Satu molekul DNA terdiri dari dua pita yang berpilin atau lebih sering disebut sebagai pita double helix . model struktur DNA double helix pertama kali di perkenalkan oleh James D.Watson dan Francis H.C Crick pada tahun 1953. DNA terdiri dari suatu struktur yang dinamakan dengan nukleutida yang di dalamnya terdiri dari satu gugus phospat, satu gugus gula deoksiribosa, dan satu jenis basa nitrogen. Untuk lebih jelasnya lihatlah gambar berikut ini
struktur DNA
Struktur DNA
Basa nitrogen yang terdapat di dalam DNA di bagi menjadi dua yaitu
  • Basa purin: terdiri dari basa adenin dan guanin
  • Basa pirimidin: terdiri dari basa timin dan citosin/sitosin
Kalau di lihat dari struktur DNA tersebut maka akan terlihat bagian kanan dan bagian kiri yang masing-masing bagian paling ujung terdiri dari basa nitrogen yang saling terhubung antara kanan dan kiri. Pasangan basa nitrogen ini selalu berpasangan basa timin(T) dengan adenin(A) dan basa guanine(G) dengan citosin(C) pasangan ini tidak boleh terbalik misalnya A-G, T-C, pasangan basa ini salah.

Pasangan basa nitrogen antara citosin dengan guanin dihubungkan dengan ikatan 3 molekul hydrogen, sedangkan pasangan basa nitrogen antara timin dan adenin dihubungkan dengan ikatan 2 molekul hidrogen
nukleotida dan nukleosida
perbedaan nukleotida dan nukleosida
  • Satu nukleotida terdiri dari satu phospat, satu gula deoksiribosa, dan satu basa nitrogen
  • Satu nukleosida terdiri dari satu gula deoksiribosa dan satu basa nitrogen
Berikut contoh urutan basa nitrogen pada DNA double helix

5’  AAT  CCG  AGT  GTA  GGG  TAA  GCT  3’
3’  TTA  GGC  TCA  CAT   CCC   ATT  CGA  5’

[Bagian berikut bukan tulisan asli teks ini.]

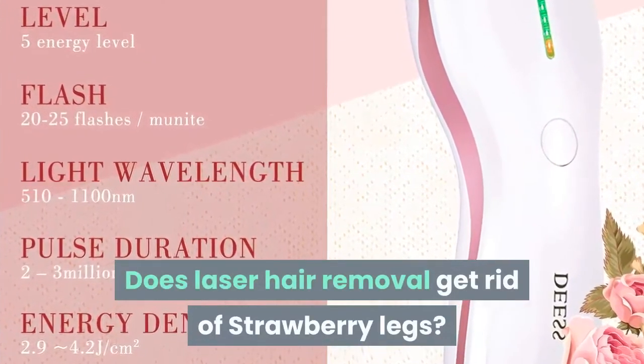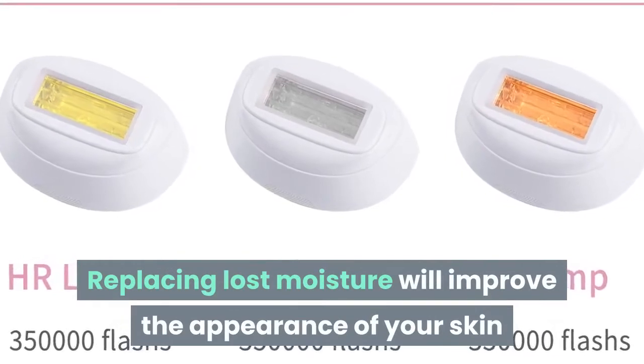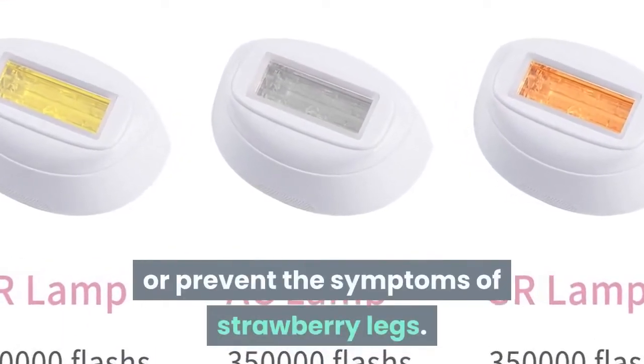Does laser hair removal get rid of strawberry legs? Replacing lost moisture will improve the appearance of your skin and should serve to alleviate or prevent the symptoms of strawberry legs.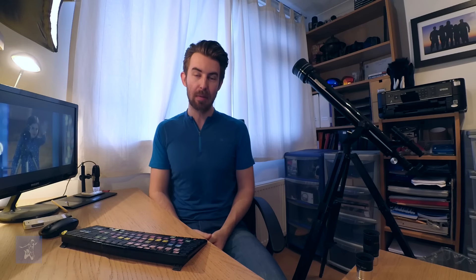So we could do a couple of things. We could change the length of the telescope, which would mean we need a 70 kilometer long telescope to be able to see his face. Or we could change the eyepiece, going from 10 millimeters down to one the width of a human hair.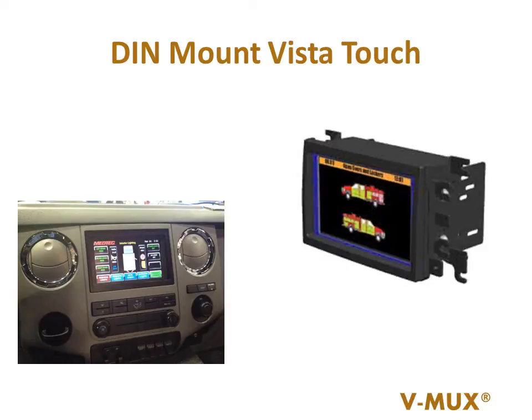The Vista Touch comes in several packages. One of those is the DIN package, allowing the manufacturer to install the Vista into the radio location, freeing up valuable real estate for other equipment.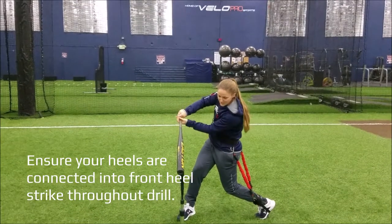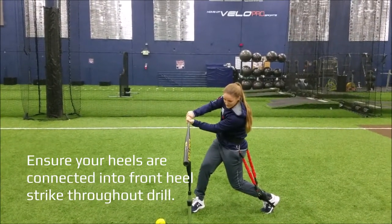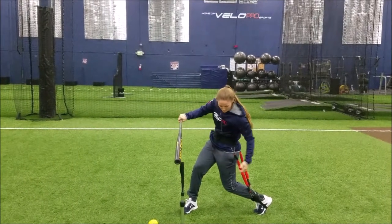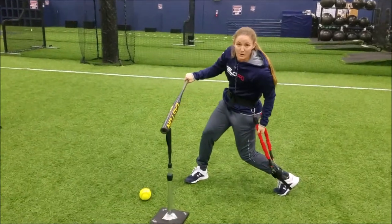Let's get here and freeze, and you can see — you can check yourself. My hands are lined up. I'm in a perfect position to make contact with the ball at a really strong point. You can see my backside is active and I'm feeling really powerful right here with the VeloPro.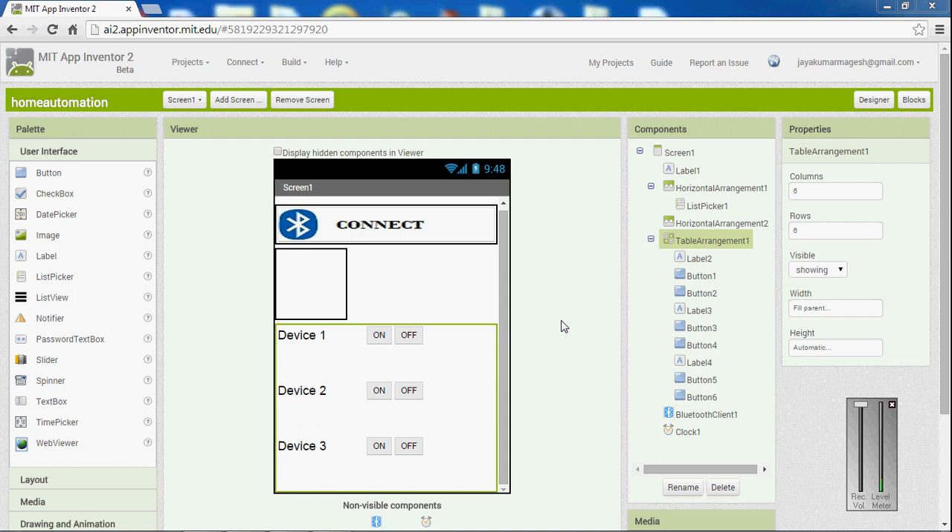Hi, let's see practically how to control electrical devices from an Android app. I'm going to connect this Android app to my tab. Let's see how to do this.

Ingat bahwa DNA merupakan untai ganda double helix dimana basa nitrogennya selalu berpasangan antara kanan dan kiri pita, A-T, G-C(adenine-timin, guanine-citosin) maka dari penulisan basa nitrogen pada DNA seperti yang tercantum di atas tersebut. Mudah bukan….

Replikasi DNA

Replikasi DNA merupakan bagian tak terpisahkan dalam membentuk sebuah makhluk hidup, karena dengan adanya replikasi DNA maka sel juga akan mengalami pembelahan. replikasi DNA merupakan proses pembelahan yang dilakukan oelh DNA dari satu DNA menjadi dua DNA yang identik satu sama lainnya. Dalam replikasi DNA terdapat enzim-enzim yang membantu dalam proses replikasi DNA agar berjalan dengan normal. Enzim tersebut antara lain
  1. DNA Polimerase: berperan dalam proses pemanjangan DNA baru pada cabang replikase
  2. Helikase: berperan dalam membuka pita ganda DNA 
  3. DNA primase: berperan dalam menggabungkan nukleotida-nukleotida RNA untuk membentuk RNA primer 
  4. DNA ligase: berperan dalam menggabungkan fragmen-fragmen DNA ke untai yang sedang tumbuh 
  5. DNA nuclease: berperan dalam memotong pita DNA
Dalam proses replikasi DNA ada 3 hipotesis yang menjelaskan bagaimana sebuah DNA melakukan replikasi. Ketiga hipotesis tersebut adalah.
  • Hipotesis konservatif: pita double helix DNA membentuk DNA baru dalam keadaan utuh
  • Hipotesis semikonservatif: kedua pita DNA membuka, kemudia masing-masing pita DNA tersebut membuat cetakan/kembarannya sehingga terbentuk dua DNA yang masing masing mengandung satu pita DNA lama dan satu pita DNA baru 
  • Hipotesis dispersal: kedua pita DNA terpotong potong dan membentuk cetakannya masing-masing untuk membentuk dua DNA yang masing-masing terdiri dari potong-potongan DNA lama dan DNA baru.
hipotesis replikasi DNA
hipotesis dala replikasi DNA
Dari ketiga hipotesis tersebut yang benar setelah dilakukan uji laboratorium oleh Franklin Stahl dan Mattew Messelson hipotesis yang mendekati kebenarannya adalah hipotesis semikonservatif

RNA

RNA/ ribonucleic acid meruapakan salah satu jenis asam nukleat selain DNA, semua sel eukariotik memiliki RNA, pada virus RNA hanya dimiliki pada virus tertentu.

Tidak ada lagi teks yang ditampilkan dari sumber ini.